Monday, April 30, 2012
Judged Just Because of "Who" They Are
All pit bulls to be considered dangerous under court ruling
Pit bulls are inherently dangerous animals, the state's highest court has ruled, a decision that could lead to stiff penalties for people found responsible in attacks — even if the dogs have never been violent before.
"It is no longer necessary to prove that the particular pit bull or pit bulls are dangerous," the court ruled Thursday.
The case stems from a 2007 attack on a child in Towson that led several local governments to reconsider the laws governing pit bulls. The animals are banned in Prince George's County.
But some who oppose the ruling argue that a dog's breed is not a reliable way to predict whether the animal might become violent.

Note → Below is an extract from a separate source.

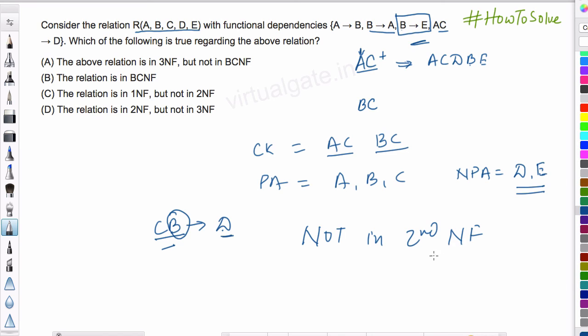So, the highest normal form satisfied is first normal form, and the correct option is C.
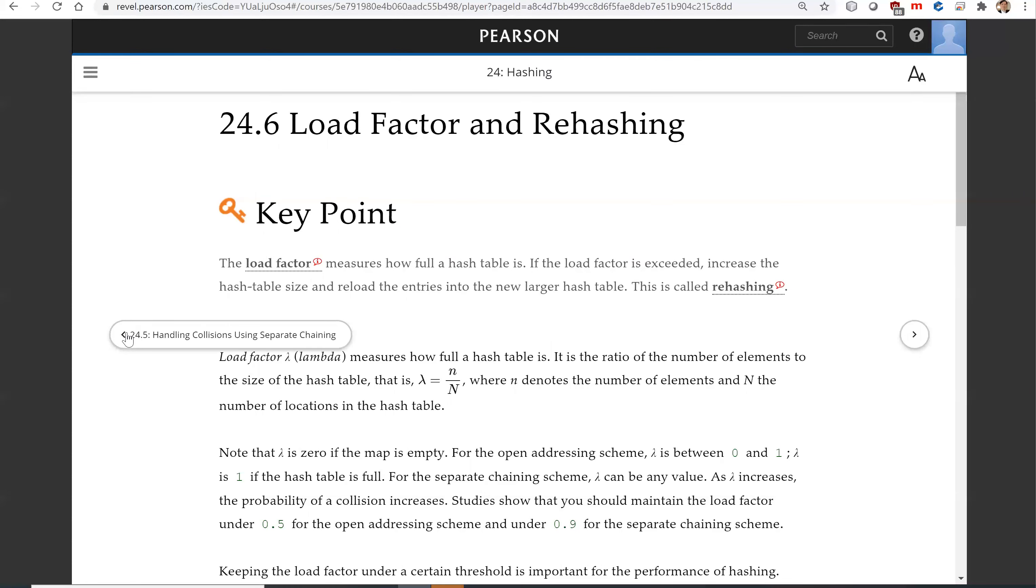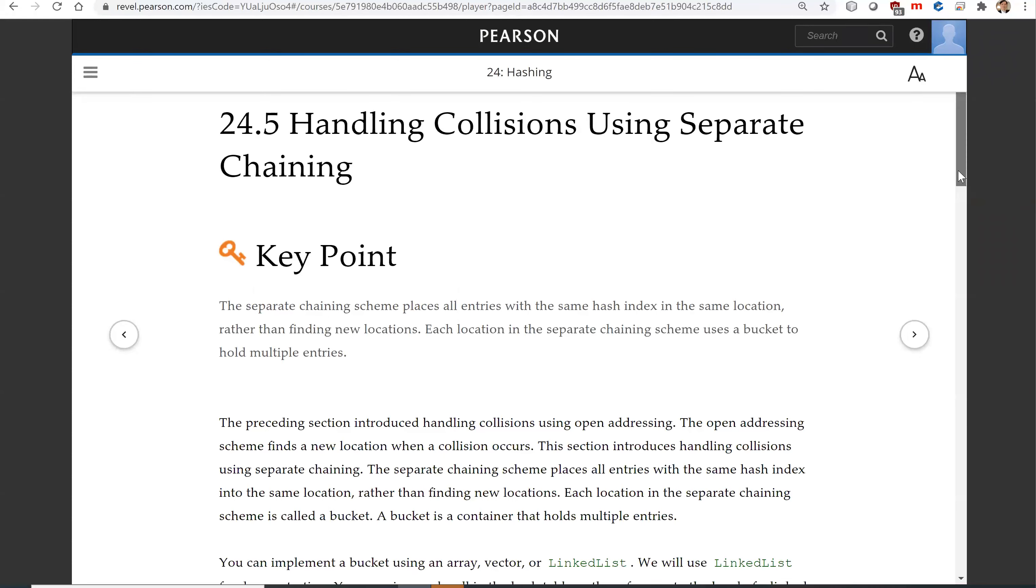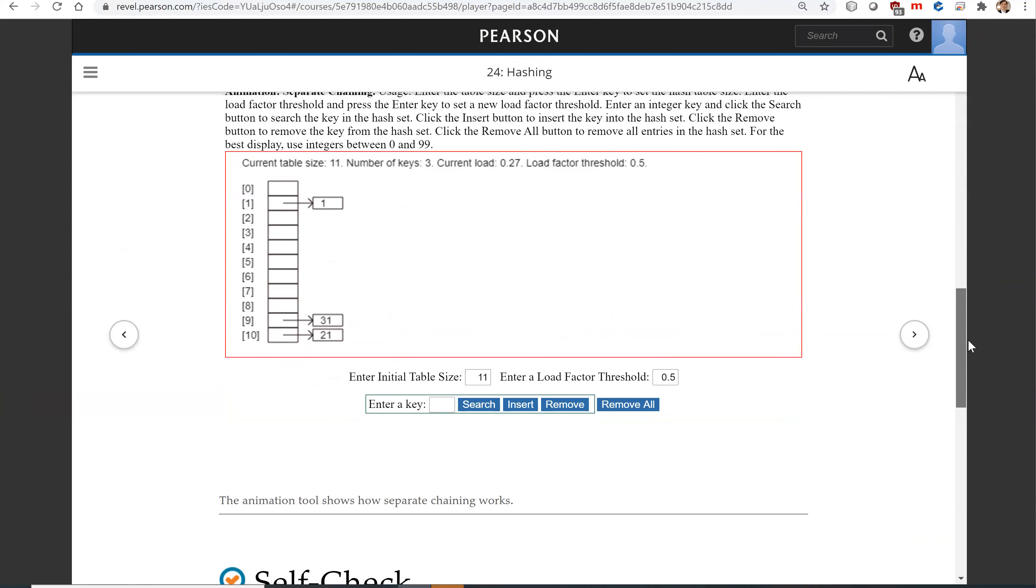Let's look at the previous section here. See this animation. Right now we have three keys. The table size is 11. The current load factor is 27%, so this is 27% occupied.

They worry that the decision will make it more difficult for pit bull owners to find housing, and discourage others from adopting the dogs.
In a dissenting opinion, one justice said the decision establishes a troublesome precedent.
The decision is in response to a Baltimore County Circuit Court decision in the case of 10-year-old Dominic Solesky, who was attacked by a neighbor's pit bill in 2007.
Pauline Houliaras, president of B-More Dog, which formed in 2007 to fight anti-pit bull legislation in Baltimore County, said the group is "extremely disappointed" with the court's decision.